INPUT MATERIAL:
::::::::::
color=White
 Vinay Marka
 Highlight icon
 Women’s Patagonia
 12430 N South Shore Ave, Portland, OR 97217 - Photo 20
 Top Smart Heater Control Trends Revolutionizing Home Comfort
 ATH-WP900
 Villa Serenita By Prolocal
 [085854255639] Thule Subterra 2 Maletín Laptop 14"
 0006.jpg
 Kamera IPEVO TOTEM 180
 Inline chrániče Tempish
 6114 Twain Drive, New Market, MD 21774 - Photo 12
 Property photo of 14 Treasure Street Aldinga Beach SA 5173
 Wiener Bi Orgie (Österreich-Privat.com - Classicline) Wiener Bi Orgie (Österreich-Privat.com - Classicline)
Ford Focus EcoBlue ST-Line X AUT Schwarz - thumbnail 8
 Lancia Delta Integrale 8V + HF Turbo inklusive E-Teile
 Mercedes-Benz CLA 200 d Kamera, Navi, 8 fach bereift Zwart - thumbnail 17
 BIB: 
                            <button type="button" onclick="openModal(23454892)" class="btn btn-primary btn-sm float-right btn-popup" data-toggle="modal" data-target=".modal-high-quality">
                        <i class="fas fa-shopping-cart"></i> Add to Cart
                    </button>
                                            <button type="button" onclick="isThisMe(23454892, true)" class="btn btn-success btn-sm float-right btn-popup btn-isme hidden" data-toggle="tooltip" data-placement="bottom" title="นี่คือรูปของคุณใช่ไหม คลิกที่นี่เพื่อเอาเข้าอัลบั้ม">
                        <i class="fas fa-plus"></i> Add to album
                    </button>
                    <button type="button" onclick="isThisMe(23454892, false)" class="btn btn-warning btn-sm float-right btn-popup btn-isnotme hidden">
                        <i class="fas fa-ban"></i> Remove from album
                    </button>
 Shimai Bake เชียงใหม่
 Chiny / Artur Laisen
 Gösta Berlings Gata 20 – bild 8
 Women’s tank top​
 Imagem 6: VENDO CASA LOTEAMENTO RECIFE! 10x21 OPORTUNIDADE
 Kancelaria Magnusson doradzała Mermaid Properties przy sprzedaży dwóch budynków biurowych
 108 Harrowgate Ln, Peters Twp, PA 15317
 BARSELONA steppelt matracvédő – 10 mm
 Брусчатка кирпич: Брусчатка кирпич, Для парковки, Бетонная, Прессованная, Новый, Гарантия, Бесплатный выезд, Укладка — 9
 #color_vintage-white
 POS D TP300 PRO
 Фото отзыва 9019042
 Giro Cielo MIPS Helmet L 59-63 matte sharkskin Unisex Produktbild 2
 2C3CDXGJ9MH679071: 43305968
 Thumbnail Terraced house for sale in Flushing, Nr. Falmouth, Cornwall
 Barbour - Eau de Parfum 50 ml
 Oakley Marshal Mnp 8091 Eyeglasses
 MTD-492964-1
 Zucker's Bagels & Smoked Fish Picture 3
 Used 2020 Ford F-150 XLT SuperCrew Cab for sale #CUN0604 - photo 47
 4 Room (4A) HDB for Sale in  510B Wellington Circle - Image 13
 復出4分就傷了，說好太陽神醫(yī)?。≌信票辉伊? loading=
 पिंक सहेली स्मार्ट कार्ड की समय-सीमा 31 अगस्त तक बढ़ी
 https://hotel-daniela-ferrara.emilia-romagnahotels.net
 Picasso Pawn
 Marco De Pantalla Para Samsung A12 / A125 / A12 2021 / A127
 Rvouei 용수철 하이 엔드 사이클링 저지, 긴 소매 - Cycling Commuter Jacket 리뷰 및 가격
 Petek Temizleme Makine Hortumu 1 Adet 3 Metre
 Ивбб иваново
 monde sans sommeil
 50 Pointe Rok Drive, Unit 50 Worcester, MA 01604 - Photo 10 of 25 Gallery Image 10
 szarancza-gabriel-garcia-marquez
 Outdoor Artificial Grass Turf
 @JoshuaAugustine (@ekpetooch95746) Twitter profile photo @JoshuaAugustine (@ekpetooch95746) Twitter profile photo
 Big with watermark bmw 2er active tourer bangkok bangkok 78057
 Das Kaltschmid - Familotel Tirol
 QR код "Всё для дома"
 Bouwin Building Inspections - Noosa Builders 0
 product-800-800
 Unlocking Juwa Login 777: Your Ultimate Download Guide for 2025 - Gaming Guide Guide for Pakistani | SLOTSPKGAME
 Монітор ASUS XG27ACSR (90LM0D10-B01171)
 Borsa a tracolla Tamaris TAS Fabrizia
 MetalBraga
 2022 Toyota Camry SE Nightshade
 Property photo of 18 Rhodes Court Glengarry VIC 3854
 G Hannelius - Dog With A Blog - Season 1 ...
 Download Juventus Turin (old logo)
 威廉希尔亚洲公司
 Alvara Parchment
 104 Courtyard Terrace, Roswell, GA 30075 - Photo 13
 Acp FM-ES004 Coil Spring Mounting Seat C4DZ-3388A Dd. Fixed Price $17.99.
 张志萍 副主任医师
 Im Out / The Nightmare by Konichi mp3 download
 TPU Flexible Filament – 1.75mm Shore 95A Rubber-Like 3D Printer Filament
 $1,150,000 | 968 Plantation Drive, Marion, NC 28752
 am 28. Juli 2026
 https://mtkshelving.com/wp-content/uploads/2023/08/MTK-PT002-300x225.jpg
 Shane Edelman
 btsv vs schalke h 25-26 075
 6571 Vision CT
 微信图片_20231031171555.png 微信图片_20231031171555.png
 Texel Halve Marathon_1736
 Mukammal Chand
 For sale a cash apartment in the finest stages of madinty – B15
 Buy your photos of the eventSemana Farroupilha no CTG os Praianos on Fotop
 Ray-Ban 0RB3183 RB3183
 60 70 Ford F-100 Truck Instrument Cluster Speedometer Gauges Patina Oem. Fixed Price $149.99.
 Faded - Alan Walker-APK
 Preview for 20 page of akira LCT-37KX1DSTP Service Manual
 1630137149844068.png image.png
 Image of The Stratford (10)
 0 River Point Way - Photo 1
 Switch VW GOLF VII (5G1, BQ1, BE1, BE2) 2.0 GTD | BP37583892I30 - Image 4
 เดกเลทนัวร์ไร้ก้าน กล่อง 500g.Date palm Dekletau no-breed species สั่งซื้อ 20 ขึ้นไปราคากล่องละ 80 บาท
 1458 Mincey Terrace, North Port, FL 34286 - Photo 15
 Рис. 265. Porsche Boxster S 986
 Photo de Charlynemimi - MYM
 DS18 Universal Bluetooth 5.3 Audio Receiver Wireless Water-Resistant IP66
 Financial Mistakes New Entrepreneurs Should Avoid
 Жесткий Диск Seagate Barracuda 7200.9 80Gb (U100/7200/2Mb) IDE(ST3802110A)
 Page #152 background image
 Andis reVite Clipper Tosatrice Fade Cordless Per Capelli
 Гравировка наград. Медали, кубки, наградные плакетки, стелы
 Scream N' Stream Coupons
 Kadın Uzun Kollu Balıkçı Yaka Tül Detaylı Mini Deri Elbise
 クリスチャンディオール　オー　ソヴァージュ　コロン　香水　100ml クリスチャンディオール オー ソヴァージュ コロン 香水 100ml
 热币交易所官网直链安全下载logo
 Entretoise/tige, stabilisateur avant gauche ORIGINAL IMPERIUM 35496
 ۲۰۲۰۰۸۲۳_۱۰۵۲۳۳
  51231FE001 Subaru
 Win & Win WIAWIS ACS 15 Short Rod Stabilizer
::::::::::
HOW TO COMPLETE THIS TASK: Please give an exact restatement of only the lines from the beginning of the material above to the line with "Wiener Bi Orgie (Österreich-Privat.com - Classicline) Wiener", inclusive.

RESPONSE FOR THIS EXERCISE:
color=White
 Vinay Marka
 Highlight icon
 Women’s Patagonia
 12430 N South Shore Ave, Portland, OR 97217 - Photo 20
 Top Smart Heater Control Trends Revolutionizing Home Comfort
 ATH-WP900
 Villa Serenita By Prolocal
 [085854255639] Thule Subterra 2 Maletín Laptop 14"
 0006.jpg
 Kamera IPEVO TOTEM 180
 Inline chrániče Tempish
 6114 Twain Drive, New Market, MD 21774 - Photo 12
 Property photo of 14 Treasure Street Aldinga Beach SA 5173
 Wiener Bi Orgie (Österreich-Privat.com - Classicline) Wiener Bi Orgie (Österreich-Privat.com - Classicline)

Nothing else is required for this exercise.